Österreichs Landwirtschaft wäre ohne Hilfen nicht lebensfähig . . .
Das ist das Dilemma. Aber seien wir realistisch: Bioproduktion allein wird den Bedarf nicht decken und um die Landfläche und die Bauern zu bewahren, braucht man Subventionen. Wir sollten also eine geschützte Landwirtschaft erhalten. Mir als Liberalem gefällt das nicht besonders, aber so ist nun einmal die Lebensrealität.

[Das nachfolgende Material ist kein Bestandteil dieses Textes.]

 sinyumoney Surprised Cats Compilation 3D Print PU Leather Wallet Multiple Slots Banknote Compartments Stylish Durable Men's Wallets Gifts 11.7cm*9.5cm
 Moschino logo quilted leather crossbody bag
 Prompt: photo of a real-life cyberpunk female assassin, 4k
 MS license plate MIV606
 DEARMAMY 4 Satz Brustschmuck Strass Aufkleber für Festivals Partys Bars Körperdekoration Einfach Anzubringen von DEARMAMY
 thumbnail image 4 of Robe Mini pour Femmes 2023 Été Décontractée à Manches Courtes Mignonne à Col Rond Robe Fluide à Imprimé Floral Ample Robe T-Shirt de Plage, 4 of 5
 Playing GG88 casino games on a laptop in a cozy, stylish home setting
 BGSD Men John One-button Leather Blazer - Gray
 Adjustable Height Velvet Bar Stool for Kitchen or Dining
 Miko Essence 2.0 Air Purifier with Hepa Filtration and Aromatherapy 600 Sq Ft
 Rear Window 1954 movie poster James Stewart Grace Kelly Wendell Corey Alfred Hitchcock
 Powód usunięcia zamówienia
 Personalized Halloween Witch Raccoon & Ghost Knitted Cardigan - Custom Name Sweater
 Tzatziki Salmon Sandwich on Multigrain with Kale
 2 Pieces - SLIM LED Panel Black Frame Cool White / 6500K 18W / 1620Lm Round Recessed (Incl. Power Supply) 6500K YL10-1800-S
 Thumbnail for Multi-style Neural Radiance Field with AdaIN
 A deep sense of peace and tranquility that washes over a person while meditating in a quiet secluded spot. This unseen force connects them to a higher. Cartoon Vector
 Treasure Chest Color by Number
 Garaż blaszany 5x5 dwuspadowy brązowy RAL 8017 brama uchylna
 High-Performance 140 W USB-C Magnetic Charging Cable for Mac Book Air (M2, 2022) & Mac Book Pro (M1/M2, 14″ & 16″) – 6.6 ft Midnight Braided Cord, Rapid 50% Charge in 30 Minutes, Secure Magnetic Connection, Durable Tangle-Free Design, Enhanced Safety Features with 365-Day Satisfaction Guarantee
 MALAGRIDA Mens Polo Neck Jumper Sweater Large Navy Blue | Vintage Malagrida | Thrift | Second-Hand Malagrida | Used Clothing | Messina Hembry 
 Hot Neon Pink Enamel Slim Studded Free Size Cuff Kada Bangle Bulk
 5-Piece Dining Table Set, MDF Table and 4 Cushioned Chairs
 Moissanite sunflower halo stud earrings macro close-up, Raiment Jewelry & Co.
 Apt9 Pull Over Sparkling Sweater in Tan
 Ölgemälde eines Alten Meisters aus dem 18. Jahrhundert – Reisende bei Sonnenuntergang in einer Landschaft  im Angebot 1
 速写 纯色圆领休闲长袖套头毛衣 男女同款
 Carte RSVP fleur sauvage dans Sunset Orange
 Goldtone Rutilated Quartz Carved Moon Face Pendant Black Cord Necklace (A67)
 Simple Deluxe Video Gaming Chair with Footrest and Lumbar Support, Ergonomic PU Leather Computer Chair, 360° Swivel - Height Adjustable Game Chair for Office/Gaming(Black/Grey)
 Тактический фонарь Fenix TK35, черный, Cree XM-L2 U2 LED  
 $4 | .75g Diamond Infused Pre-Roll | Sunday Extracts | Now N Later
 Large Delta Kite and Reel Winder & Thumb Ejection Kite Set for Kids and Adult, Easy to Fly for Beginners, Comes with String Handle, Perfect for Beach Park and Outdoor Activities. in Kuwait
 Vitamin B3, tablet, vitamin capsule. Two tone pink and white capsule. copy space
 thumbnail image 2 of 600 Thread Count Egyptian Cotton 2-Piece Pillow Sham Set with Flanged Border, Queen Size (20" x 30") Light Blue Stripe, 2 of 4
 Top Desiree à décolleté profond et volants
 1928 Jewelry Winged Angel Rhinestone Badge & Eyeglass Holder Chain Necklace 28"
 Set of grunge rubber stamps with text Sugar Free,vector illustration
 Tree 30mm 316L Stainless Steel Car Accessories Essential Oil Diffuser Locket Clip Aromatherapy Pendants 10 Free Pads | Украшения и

Wie geht es mit Europa weiter?
Wir sind nicht wie die Vereinigten Staaten von Amerika, sondern haben uns entschlossen, die Union graduell zu entwickeln. Die geniale Idee von Jean Monnet (Europas Gründervater, Anm.) war, dass wir einen ständigen Fluss gemeinsamer Entscheidungen brauchen, damit die Integration fortschreitet. Damit alle Nationen dabei gleichwertig sein können, muss Macht an eine unabhängige Institution übertragen werden - als Schiedsrichter hat sich die Europäische Kommission herausgebildet. Dieses System hat uns gute Dienste erwiesen, aber jetzt werden wir Opfer des Erfolges: Weil die Integration fortschreitet, kommen wir immer näher zum Kern nationaler Souveränität.
Wie sieht die EU in 20 Jahren aus?
Wahrscheinlich wird die Basisarchitektur ungefähr gleich bleiben. Ein Problem wird aber akut, das es vor 20 oder 30 Jahren nicht gab: die demokratische Legitimierung. Die einzige Struktur, die wir dafür haben, ist das Europäische Parlament, in all seiner Unvollkommenheit. Die Abgeordneten sollten schon jetzt nachdenken, wie sie bei der Wahl 2014 einen Flop vermeiden. Deutsche Politiker sprechen jetzt oft von der politischen Union. Sie erklären zwar nicht, was sie meinen, ich würde das aber nicht wie die Briten als bloßes Gimmick abtun. Deutschland wollte schon beim Maastricht-Vertrag mehr erreichen, wurde aber von den Franzosen zurückgewiesen. Das war ein Fehler, weil die Währungsunion in eine Schieflage geriet und die politische Dimension gegenüber der monetären zu schwach war. Das muss jetzt korrigiert werden - schwierig, mitten in der Krise.
Zur Person
Riccardo
Perissich
war 24 Jahre in der Europäischen Kommission tätig, zuletzt als Generaldirektor für den Binnenmarkt und Industrie. Der Italiener koordinierte die Umsetzung des Binnenmarkt-Weißbuchs und ist Autor von "Die Europäische Union, eine inoffizielle Historie".